Even as a child, Charlie “Spike” Trotman defied convention. An outspoken thought leader in underground comics today, the cartoonist stood her ground in her hometown of Potomac, Maryland, before cultivating a new one in the publishing industry.
“I got into a lot of fights! Verbally, physically,” Trotman explains. “I was a scrappy little kid. I’m just contrarian by nature, honestly. Always have been. I’ve just expressed it in different ways the older I get.”
Since her ornery youth, Trotman has gone from tracing The Far Side and Calvin and Hobbes Sunday strips to establishing a DIY comics refuge in Iron Circus, the indie publishing company she runs out of her Chicago residence. Founding the imprint in 2005, the cartoonist has devoted her pen to pushing the boundaries of comics for the entrepreneurial and unconventional, crafting charming manuals on how to launch successful Kickstarter campaigns and guides on thriving off marginal resources (the latter of which, appropriately, was her first successful Kickstarter campaign in 2009). Templar, Arizona, a buoyant webcomic with a diverse set of characters, ran from 2005 to 2014.

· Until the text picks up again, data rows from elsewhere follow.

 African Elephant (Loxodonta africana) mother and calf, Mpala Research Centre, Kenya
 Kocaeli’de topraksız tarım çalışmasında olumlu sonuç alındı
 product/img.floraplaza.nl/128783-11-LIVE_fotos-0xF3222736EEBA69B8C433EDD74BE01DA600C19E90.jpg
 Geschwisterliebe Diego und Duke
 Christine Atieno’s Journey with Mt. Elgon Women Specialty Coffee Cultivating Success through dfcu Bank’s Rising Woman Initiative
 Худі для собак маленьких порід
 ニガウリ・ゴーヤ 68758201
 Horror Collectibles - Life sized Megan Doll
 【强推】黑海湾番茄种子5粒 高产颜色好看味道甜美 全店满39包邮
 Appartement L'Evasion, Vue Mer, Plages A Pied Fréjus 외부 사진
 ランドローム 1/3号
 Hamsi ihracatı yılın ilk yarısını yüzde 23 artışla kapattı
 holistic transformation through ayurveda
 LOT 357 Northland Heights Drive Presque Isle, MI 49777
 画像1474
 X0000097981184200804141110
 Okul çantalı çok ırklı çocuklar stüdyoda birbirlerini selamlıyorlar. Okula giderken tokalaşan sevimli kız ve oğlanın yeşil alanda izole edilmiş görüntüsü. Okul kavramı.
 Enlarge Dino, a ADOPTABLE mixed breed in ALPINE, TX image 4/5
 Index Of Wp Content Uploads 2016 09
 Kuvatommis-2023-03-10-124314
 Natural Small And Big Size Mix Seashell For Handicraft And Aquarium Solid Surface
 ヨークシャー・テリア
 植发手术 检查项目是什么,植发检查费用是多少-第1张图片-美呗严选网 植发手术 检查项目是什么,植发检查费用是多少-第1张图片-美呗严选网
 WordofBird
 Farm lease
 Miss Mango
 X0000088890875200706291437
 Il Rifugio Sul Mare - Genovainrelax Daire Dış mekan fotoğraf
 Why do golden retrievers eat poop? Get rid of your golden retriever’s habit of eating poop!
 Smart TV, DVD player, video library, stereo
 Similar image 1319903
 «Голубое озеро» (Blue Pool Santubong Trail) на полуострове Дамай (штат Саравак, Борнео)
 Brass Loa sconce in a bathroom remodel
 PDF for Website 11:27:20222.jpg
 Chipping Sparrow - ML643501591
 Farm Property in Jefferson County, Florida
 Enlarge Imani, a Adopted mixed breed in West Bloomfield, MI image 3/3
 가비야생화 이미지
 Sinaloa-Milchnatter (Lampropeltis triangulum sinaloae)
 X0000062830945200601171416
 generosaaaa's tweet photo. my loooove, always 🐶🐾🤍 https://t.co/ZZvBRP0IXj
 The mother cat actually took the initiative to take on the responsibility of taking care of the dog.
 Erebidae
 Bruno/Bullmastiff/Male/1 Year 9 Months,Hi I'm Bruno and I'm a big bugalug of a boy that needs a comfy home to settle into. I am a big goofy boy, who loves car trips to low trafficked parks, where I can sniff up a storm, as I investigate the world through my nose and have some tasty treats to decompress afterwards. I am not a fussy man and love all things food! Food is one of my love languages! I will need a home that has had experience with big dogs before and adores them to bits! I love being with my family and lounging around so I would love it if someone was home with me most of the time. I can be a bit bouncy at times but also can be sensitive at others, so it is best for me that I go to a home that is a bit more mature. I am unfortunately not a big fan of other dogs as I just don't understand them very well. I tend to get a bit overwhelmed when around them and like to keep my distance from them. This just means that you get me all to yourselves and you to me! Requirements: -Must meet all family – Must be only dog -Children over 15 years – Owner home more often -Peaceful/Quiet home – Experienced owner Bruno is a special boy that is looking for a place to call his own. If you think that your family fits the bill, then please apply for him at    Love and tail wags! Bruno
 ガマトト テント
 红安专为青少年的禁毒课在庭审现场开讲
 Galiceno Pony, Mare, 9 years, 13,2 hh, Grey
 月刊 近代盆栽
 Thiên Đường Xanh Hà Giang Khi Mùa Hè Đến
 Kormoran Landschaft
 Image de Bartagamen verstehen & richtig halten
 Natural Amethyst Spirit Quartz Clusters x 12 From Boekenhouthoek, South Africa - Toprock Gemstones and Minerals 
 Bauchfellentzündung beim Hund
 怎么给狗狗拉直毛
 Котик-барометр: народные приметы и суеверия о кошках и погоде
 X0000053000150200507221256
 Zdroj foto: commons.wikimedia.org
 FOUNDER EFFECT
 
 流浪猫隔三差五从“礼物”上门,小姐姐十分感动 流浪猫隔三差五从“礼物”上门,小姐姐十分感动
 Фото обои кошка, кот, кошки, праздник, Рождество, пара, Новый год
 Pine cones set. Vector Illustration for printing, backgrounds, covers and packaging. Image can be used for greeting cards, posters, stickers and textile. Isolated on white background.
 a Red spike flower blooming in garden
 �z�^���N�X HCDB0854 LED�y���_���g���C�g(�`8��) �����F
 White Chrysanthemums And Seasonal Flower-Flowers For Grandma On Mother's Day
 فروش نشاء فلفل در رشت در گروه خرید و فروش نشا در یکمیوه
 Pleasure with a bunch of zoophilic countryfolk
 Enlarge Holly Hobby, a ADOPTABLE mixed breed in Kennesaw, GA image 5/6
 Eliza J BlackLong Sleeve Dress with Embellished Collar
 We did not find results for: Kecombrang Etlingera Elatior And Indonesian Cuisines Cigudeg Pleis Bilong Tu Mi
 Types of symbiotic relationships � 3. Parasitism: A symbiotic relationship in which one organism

In an industry where two companies—Marvel and DC—hold almost 80 percent of the comic store market, innovators like Trotman are progressively seeking to expand the sequential art pie to underserved readers through new venues, including book stores and the digital marketplace. “Aside from a big, big spike in the ‘90s that crashed right back down after Marvel filed for bankruptcy, comic book readership has been falling for decades,” Trotman says. “There are many, many factors involved in that. The primary one is that comics has been content to sell to the same gender and the same age group for that entire time. I think mainstream, when referring to Marvel and DC, is going to become more and more of a misnomer.”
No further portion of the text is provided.